What the task requires:
Repeat exactly the lines below from the line that contains "VW Golf Variant 1.0 TSI Confortline - 23" to the last line, inclusive, without the pictures.

Excerpted records:
+---+
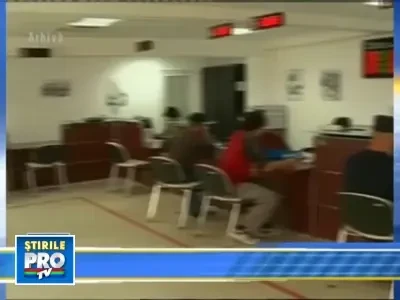 "Incep sau nu concediile fara plata?", se intreaba bugetarii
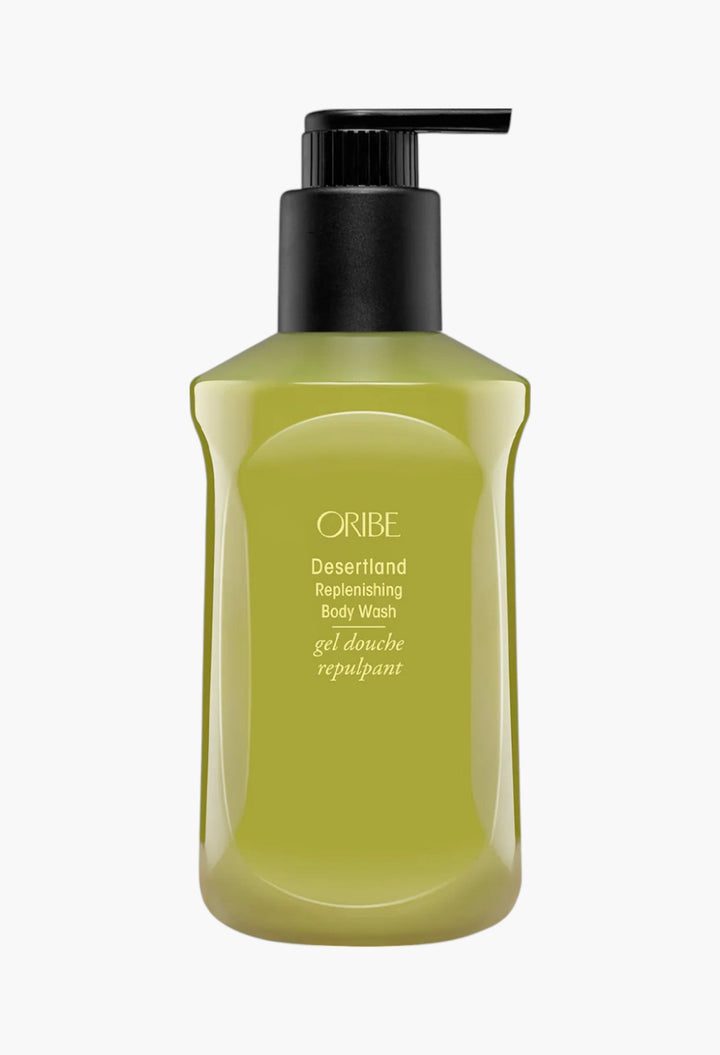 Desertland Replenishing Body Wash - GLAM MODA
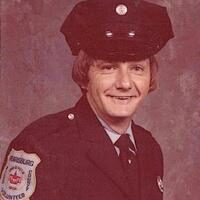 Law, Eddie Ray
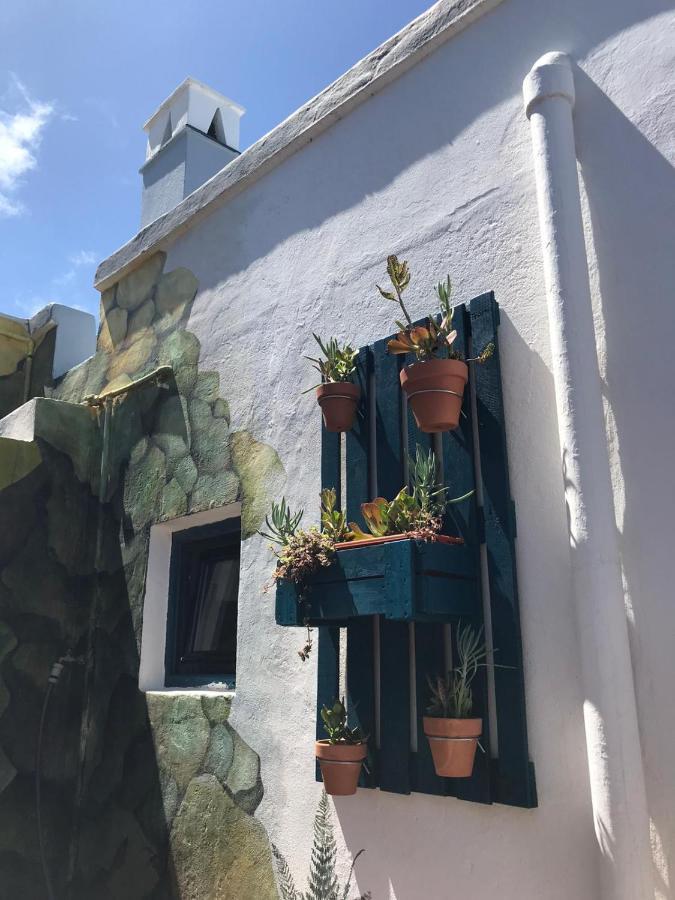 Pura Vida Casa Del Mar Villa Brena Baja Bagian luar foto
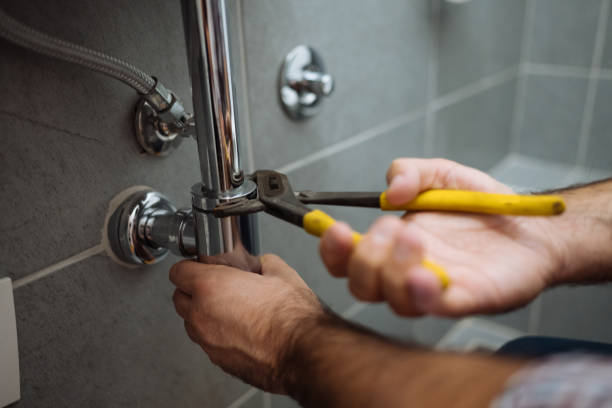 Hot Water Heater Installation in Mount Pleasant, NC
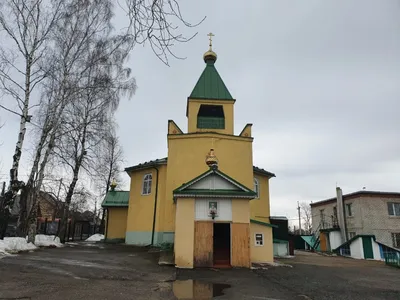 На территории пермского университета началось строительство храма-часовни -  Новости Перми и Пермского края, ИА \"Текст\"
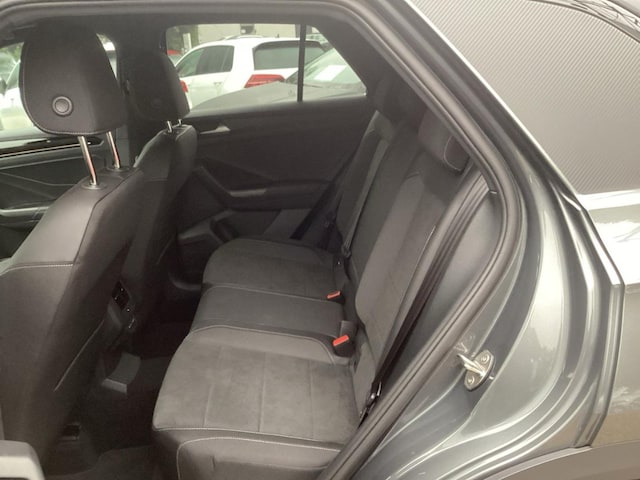 Volkswagen T-Roc 1.5 TSI DSG Style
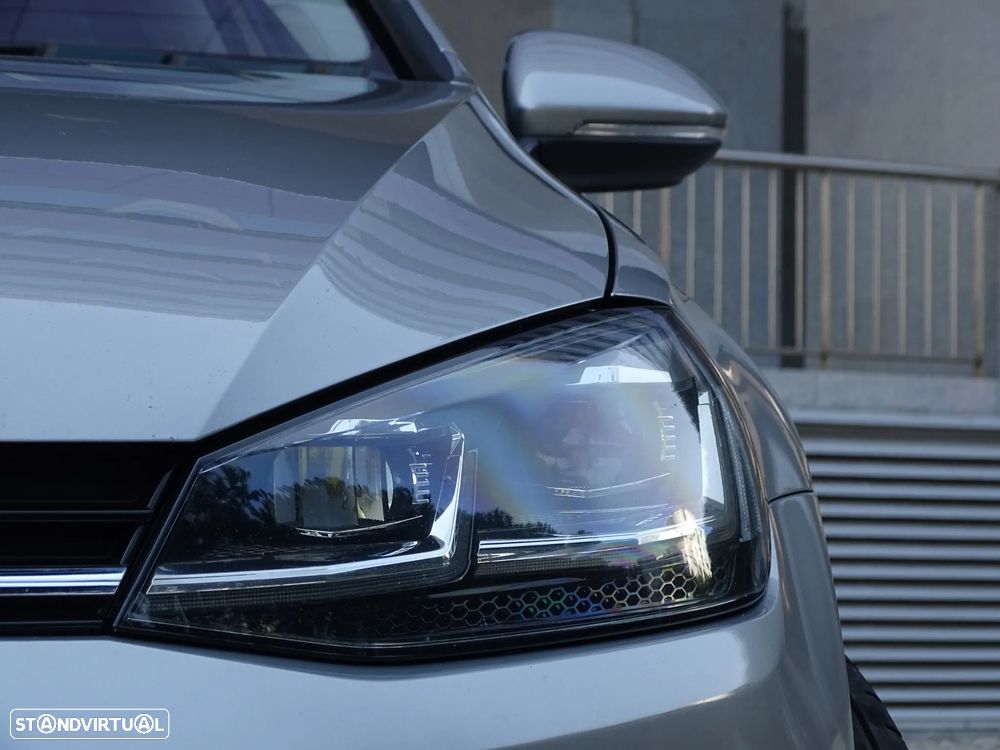 VW Golf Variant 1.0 TSI Confortline - 23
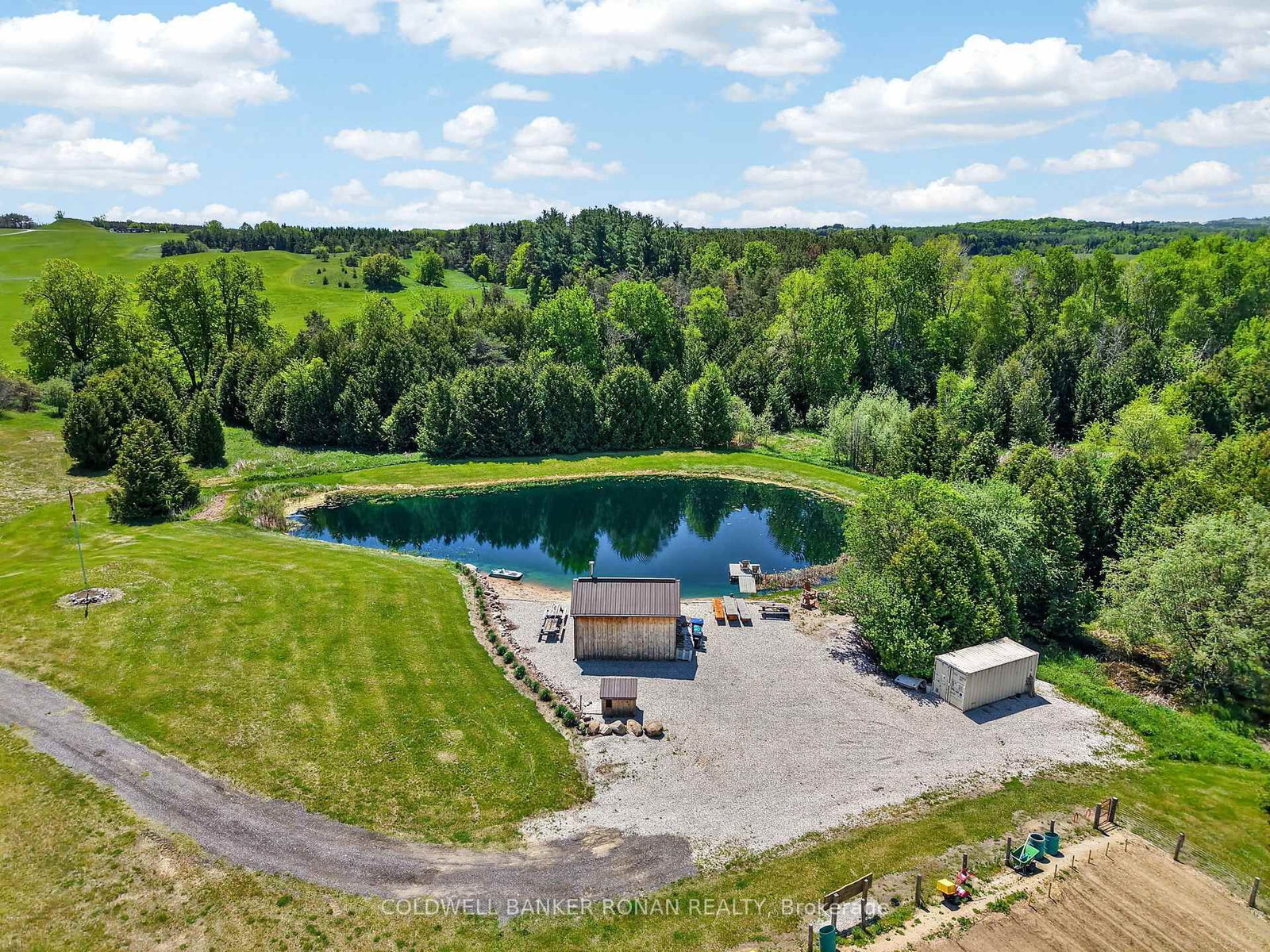 2362 Concession Rd 2 • Adjala-Tosorontio, ON photo 8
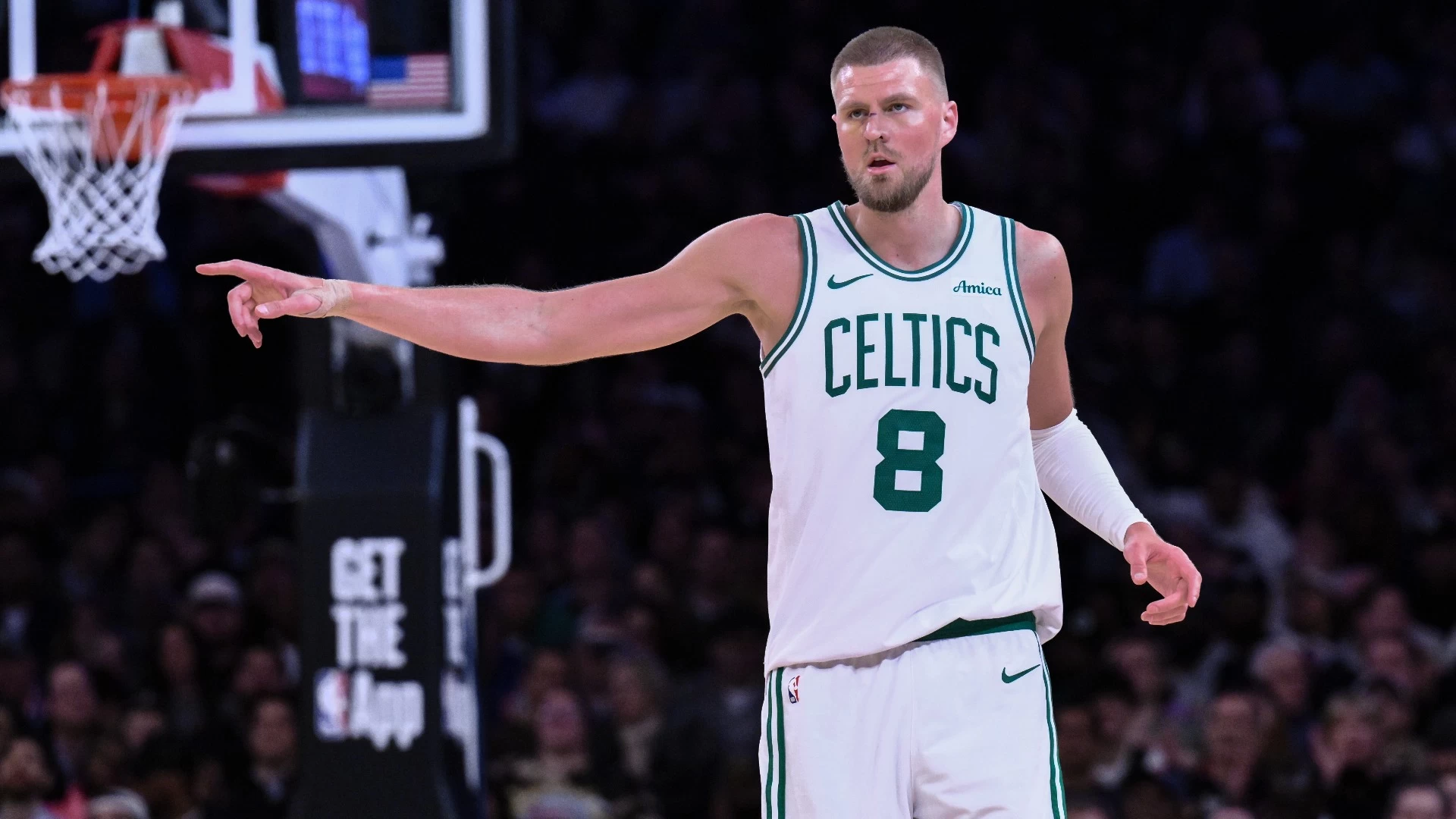 Eastern Conference Odds: Celtics, Cavaliers on Collision Course?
+---+
Result below:
 VW Golf Variant 1.0 TSI Confortline - 23
 2362 Concession Rd 2 • Adjala-Tosorontio, ON photo 8
 Eastern Conference Odds: Celtics, Cavaliers on Collision Course?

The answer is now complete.